I think quality is an important issue. Most writing you find online, because it costs basically nothing to publish it, and it doesn’t have to get through any kind of editors at all, let alone trained, experienced or even basically competent editors, is staggeringly low-quality. Even stuff you’d expect to be lower-quality, like forum posts and so on, is lower-quality than letters and so on of old, because people can just type it up in seconds and press “post”, rather than having to say, plan it, write it, check it, get off their arse and send it if good enough and so on. Education and spell-checkers and so on have helped make people basically better writers, but everything else has helped degrade it a lot more. Further, even places where you would expect higher standards, like, say, the NYT, are so desperate for readership that they put of tons of faux-controversial trash-reasoning clickbait-y opinion pieces, which whilst they might have good grammar, are wholly intellectually void (the writing of NYT columnist Ross Douthat is a good example).

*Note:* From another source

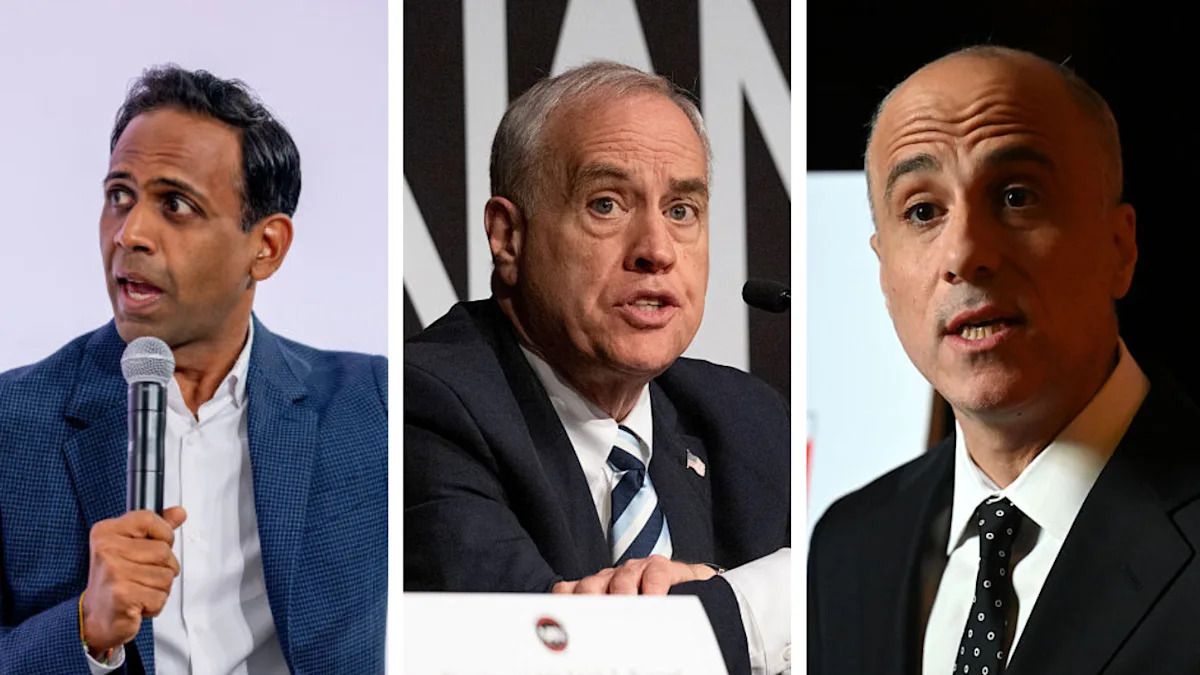 New York state comptroller race 2026: Meet the candidates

And this, I think, is part of why people skip so much, and then skipping and skimming becomes an ingrained habit. If 90% of what you’re reading turns out to be trash, why not skim it to see if you can immediately dismiss it.
Another issue, one created by our academic system, and college educations specifically, ironically enough, is that it doesn’t pay, in most cases, to “deep read” in most subjects. Most universities, good and bad, in the West and East, wildly overload their students with reading materials, and wildly overstate what the students need to read, typically with very poor guidance as to what actually matters. This is supposed to be a good thing, but what it actually teaches people is twofold:
It makes a lot of people absolutely loathe reading and cease or dramatically reduce their “reading for pleasure”, sometimes just for a year or two afterwards, but sometimes for decades or permanently.
That everything should be skimmed until/unless you identify it as important.
So some of the best-educated and hardest-working people, who we want to love reading/writing, end up loathing it, at least temporarily.
Academics, as they’re directly responsible for this problem, often try to pretend it doesn’t exist, but it’s not like it’s obscure or unknown - it’s been well-documented for a long time (at least thirty years). There is occasionally recognition of it by some university or department or another which then takes measures to “fix” it, but such fixes typically last a couple of years at best.
I’m guessing the latter Sleep deprivation is a HELL of a drug, especially as you get even slightly older. It’s a lot worse to miss sleep at 41 than 21, that’s for sure!
< looks around nervously, adjusts collar, a bead of sweat appears on his forehead >
That said, as bad as I am for that, you should see my wife’s law textbooks, and some judgments, good god!